● **What needs to be done**
Write out, from the entries below, exactly the lines that run between the lines holding "a bowl of steamed broccoli." and "Sahilde büyük bir", inclusive, and stop there.
(Input data)
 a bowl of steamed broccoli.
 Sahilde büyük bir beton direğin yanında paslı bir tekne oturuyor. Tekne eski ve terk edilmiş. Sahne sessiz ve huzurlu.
(End Input data)
(Input data)
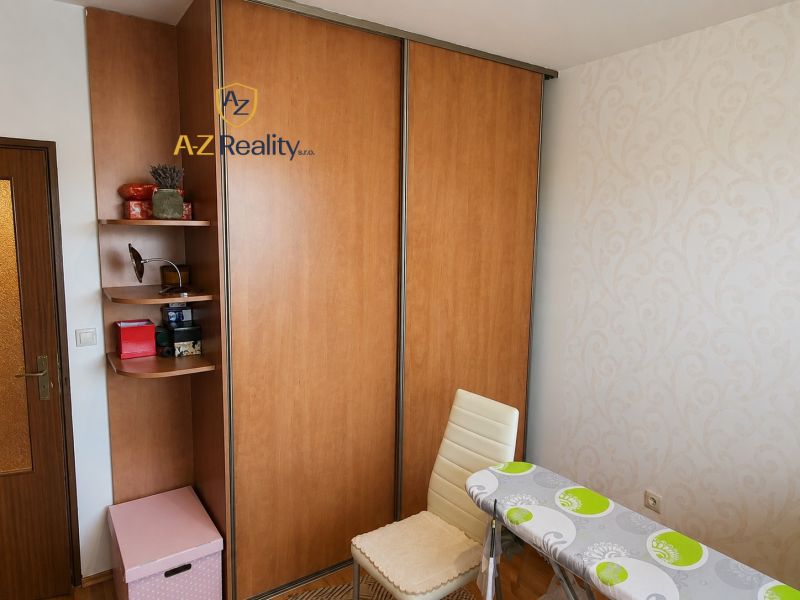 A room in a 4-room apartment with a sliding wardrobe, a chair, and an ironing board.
(End Input data)
● **Finished exercise**
 a bowl of steamed broccoli.
 Sahilde büyük bir beton direğin yanında paslı bir tekne oturuyor. Tekne eski ve terk edilmiş. Sahne sessiz ve huzurlu.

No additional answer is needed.